CSEdWeek 2010 | Day 3: Exploring Computer Science

For Day 3 of CSEd Week, we are featuring a webcast from NSF that celebrates CSEdWeek 2010 and talks about Exploring Computer Science, a resource that’s featured here on ScratchEd.

The video titled: “Inspiring the Next Bill Gates,” spotlights programs that engage a diversity of students in computer science.

In the video, NSF’s Lisa-Joy Zgorski speaks with CSEdWeek representative Cameron Wilson of the Association for Computing Machinery and spotlights two exciting NSF-funded programs that engage a diversity of students not usually exposed to computer science: GLITCH at Georgia Tech, represented by Amy Bruckman, associate professor at the College of Computing, PhD candidate Betsy DiSalvo and GLITCH Alumnus James Bowland-Gleason; and E-Textiles at MIT represented by Leah Buechley, assistant professor and director of the High-Low Tech group at the MIT Media Lab, and student Emily Lovell.
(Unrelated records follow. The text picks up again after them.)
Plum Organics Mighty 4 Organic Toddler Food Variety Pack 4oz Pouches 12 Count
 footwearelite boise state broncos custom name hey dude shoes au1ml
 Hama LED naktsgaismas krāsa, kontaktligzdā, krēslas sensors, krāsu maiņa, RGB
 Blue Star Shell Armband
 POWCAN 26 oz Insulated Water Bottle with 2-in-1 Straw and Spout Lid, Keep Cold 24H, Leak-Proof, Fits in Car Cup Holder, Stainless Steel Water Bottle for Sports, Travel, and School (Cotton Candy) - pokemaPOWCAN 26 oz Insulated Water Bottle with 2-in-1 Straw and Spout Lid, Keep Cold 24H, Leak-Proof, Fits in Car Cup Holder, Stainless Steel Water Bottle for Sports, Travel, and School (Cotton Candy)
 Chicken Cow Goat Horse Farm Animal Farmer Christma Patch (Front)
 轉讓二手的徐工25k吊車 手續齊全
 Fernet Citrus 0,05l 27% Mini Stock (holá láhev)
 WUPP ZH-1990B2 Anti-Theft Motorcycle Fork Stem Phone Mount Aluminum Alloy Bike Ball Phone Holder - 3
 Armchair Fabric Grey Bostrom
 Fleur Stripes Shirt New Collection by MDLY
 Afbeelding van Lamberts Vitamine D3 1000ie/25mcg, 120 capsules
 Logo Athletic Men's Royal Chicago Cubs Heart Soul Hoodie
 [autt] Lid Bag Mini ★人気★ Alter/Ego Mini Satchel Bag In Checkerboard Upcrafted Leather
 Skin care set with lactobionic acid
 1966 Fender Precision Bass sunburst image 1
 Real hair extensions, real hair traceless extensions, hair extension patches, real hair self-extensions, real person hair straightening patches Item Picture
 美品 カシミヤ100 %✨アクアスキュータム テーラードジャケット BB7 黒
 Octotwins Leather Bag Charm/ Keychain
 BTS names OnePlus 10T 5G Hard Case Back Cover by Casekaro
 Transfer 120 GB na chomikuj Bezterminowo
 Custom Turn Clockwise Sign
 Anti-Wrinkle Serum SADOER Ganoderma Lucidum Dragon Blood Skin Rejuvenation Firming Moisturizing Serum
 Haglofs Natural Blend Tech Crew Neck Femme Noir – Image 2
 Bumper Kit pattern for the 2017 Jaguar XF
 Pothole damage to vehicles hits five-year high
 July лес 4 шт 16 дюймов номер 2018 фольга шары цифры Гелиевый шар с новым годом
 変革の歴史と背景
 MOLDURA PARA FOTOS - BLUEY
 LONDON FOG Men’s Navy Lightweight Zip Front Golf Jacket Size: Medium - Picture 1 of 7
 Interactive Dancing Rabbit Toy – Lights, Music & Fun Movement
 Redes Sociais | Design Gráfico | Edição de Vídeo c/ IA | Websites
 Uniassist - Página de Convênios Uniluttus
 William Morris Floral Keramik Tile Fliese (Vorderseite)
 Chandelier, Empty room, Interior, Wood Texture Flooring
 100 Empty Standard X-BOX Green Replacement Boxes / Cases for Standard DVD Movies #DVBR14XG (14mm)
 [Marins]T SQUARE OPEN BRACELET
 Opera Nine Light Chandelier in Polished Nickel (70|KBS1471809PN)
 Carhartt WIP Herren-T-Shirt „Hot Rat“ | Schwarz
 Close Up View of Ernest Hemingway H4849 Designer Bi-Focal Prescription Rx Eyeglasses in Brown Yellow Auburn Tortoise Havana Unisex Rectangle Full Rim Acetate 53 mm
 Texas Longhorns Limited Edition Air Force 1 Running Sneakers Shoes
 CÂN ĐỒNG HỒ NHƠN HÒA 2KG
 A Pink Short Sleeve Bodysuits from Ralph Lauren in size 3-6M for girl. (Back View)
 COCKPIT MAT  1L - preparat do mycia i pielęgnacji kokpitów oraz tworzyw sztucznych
In the webcast, Cameron Wilson stresses the importance of computer science, saying that, “the future is very bright for computer science.” He mentions that although computing has become ubiquitous and while the industry is driving economic growth and innovation, there is a need for more exposure to computer science in the K-12 level. Cameron also highlights successful programs such as: “Exploring Computer Science,” an extensive curriculum guide created for high-school students in Los Angeles with grants from the Computer Science Teachers Association (CSTA) and as part of the Broadening Participation in Computing initiative from the National Science Foundation (NSF). He also mentions that students are “inherently creators,” and thus its important to focus not just on the usage of technology, but also on giving students the knowledge to create technologies for the future.